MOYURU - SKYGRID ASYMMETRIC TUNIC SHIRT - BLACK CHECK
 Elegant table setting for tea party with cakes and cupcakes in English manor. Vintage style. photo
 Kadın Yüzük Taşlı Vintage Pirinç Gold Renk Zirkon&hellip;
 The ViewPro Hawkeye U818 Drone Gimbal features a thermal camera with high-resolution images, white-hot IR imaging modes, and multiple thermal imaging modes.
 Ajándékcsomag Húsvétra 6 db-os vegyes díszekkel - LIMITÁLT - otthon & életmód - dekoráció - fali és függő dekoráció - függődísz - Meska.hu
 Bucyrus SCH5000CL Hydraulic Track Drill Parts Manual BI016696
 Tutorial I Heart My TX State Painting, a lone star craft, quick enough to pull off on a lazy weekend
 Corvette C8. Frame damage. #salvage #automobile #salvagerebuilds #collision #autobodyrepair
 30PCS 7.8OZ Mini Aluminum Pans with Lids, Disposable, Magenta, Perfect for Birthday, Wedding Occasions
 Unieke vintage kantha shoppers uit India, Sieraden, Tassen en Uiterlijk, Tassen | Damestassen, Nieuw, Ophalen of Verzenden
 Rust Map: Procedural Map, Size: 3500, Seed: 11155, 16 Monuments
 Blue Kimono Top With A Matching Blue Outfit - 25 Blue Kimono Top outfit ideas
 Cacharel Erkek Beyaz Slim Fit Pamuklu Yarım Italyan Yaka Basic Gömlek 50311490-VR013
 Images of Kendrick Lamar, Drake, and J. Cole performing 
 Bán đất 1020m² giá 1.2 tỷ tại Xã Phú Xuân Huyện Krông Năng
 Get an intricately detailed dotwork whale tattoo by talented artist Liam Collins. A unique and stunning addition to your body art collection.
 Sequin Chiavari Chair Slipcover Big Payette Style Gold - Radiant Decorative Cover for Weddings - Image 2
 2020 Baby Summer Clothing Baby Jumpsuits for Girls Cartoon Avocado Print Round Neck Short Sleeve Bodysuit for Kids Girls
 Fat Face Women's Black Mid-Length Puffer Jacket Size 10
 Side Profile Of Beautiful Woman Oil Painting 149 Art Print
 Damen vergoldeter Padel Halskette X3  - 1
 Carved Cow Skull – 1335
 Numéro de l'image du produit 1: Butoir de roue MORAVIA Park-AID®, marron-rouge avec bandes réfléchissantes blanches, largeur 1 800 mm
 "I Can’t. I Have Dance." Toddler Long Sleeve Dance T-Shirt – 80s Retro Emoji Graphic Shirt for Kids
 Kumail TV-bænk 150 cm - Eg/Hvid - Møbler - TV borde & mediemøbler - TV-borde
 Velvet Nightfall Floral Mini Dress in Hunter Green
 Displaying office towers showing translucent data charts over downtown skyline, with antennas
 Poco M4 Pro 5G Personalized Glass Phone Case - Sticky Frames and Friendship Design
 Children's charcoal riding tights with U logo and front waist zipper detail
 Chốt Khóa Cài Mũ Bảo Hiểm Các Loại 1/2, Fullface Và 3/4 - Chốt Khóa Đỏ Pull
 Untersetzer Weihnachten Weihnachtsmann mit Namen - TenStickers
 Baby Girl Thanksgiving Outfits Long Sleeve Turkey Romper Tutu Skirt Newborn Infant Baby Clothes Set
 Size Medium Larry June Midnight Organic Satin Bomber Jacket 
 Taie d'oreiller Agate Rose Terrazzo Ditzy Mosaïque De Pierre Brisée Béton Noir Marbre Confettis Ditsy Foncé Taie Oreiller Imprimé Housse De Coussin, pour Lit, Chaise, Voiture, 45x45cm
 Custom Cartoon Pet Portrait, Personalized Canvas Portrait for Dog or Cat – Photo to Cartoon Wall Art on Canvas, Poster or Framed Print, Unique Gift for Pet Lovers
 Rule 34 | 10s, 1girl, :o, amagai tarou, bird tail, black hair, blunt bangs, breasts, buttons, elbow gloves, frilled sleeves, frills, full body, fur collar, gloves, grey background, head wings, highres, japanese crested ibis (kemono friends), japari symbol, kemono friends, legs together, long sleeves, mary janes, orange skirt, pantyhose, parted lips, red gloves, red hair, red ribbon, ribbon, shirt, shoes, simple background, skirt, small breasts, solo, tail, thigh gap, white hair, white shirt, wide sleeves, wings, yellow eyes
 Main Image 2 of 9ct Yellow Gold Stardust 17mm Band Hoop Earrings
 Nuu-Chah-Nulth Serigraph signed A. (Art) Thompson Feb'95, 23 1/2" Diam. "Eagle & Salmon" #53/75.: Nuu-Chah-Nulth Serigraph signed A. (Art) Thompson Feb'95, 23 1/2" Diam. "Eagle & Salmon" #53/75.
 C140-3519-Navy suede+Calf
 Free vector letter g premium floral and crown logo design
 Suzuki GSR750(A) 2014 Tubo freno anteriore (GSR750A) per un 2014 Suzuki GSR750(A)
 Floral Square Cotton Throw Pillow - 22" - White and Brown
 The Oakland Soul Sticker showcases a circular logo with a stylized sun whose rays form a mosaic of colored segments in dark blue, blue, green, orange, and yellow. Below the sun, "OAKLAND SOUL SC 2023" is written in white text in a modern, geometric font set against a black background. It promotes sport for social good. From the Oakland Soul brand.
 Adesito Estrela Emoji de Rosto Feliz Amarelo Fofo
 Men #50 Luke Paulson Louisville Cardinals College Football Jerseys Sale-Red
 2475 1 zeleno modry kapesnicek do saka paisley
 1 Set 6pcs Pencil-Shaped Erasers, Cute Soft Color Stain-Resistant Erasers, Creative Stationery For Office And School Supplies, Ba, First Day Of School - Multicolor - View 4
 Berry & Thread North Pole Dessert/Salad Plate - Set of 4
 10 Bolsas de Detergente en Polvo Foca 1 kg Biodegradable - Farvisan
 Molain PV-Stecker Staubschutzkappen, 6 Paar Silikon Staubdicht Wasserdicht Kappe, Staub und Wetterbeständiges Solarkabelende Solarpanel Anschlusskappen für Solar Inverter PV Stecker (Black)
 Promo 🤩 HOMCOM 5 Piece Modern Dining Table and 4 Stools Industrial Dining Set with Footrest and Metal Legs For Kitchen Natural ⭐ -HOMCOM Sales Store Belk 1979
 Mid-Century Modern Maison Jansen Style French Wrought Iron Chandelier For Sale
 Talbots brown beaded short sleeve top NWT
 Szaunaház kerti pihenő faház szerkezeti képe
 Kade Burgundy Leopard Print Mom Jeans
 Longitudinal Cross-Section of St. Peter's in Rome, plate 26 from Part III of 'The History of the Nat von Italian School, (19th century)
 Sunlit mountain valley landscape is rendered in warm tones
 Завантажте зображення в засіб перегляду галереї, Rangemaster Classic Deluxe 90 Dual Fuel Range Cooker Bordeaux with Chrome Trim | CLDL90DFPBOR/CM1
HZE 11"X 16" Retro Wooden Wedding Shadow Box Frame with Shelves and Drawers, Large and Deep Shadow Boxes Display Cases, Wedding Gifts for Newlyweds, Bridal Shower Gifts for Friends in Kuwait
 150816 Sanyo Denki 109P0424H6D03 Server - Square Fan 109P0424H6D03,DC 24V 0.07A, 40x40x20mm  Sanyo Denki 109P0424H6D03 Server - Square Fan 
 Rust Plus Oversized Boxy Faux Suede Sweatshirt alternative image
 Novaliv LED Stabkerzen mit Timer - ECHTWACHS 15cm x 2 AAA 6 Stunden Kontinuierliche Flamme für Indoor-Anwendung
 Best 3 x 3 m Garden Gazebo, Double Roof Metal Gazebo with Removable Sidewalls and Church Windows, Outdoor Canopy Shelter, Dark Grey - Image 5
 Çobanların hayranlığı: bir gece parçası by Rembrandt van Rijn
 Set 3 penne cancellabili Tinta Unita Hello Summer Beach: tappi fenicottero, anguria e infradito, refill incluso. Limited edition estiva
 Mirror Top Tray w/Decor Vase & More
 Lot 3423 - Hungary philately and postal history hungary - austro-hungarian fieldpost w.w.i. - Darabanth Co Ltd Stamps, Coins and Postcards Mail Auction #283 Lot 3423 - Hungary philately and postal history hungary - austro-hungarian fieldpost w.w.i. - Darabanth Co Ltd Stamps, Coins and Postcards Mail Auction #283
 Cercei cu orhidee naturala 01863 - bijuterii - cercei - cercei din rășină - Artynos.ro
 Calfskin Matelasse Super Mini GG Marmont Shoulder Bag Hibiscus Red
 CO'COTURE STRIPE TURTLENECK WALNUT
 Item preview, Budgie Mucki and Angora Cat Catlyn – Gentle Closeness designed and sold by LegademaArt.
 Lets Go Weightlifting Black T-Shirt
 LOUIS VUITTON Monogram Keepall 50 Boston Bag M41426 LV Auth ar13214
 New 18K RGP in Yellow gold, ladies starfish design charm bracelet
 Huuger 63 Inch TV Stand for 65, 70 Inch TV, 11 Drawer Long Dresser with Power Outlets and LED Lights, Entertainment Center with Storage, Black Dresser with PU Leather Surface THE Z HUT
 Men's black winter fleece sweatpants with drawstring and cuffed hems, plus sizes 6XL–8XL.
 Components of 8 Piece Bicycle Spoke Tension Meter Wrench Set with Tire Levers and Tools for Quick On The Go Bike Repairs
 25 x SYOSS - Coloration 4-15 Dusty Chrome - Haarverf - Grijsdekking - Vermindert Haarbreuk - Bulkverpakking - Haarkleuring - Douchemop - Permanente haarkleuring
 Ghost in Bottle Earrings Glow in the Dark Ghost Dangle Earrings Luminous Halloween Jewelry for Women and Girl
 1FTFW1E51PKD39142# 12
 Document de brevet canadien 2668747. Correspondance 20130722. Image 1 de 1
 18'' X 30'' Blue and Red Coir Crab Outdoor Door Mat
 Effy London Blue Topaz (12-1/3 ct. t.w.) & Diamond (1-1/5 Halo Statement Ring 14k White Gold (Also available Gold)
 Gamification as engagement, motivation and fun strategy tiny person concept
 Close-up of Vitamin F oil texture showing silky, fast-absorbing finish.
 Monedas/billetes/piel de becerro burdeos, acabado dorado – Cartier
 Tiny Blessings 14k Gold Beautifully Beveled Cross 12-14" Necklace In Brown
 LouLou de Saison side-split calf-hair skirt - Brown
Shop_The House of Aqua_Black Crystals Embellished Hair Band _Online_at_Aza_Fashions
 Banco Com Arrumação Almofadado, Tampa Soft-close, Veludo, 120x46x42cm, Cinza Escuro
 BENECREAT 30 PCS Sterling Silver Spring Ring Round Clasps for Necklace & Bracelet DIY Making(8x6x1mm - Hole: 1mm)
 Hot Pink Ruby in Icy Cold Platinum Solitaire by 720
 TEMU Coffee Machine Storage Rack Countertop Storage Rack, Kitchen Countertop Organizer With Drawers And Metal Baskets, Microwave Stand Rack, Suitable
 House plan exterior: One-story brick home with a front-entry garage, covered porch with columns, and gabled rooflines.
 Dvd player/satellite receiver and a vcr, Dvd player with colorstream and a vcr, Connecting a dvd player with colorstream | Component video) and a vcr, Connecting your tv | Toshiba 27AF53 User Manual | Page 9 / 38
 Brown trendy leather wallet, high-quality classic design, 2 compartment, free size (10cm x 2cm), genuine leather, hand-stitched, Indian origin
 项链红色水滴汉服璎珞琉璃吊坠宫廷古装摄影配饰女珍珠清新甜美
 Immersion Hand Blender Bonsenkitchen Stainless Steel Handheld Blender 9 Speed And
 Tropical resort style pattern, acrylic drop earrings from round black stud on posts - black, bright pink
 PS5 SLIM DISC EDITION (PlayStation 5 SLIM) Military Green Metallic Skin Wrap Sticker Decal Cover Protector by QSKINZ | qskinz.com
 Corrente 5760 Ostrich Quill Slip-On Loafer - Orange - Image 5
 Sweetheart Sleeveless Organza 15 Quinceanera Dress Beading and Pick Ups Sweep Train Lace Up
-----
ASSIGNED TASK | Write out exactly the lines that fall from the line with "Elegant table setting" to the line with "Tutorial I Heart" in the records above, keeping both ends.

YOUR RESPONSE |
 Elegant table setting for tea party with cakes and cupcakes in English manor. Vintage style. photo
 Kadın Yüzük Taşlı Vintage Pirinç Gold Renk Zirkon&hellip;
 The ViewPro Hawkeye U818 Drone Gimbal features a thermal camera with high-resolution images, white-hot IR imaging modes, and multiple thermal imaging modes.
 Ajándékcsomag Húsvétra 6 db-os vegyes díszekkel - LIMITÁLT - otthon & életmód - dekoráció - fali és függő dekoráció - függődísz - Meska.hu
 Bucyrus SCH5000CL Hydraulic Track Drill Parts Manual BI016696
 Tutorial I Heart My TX State Painting, a lone star craft, quick enough to pull off on a lazy weekend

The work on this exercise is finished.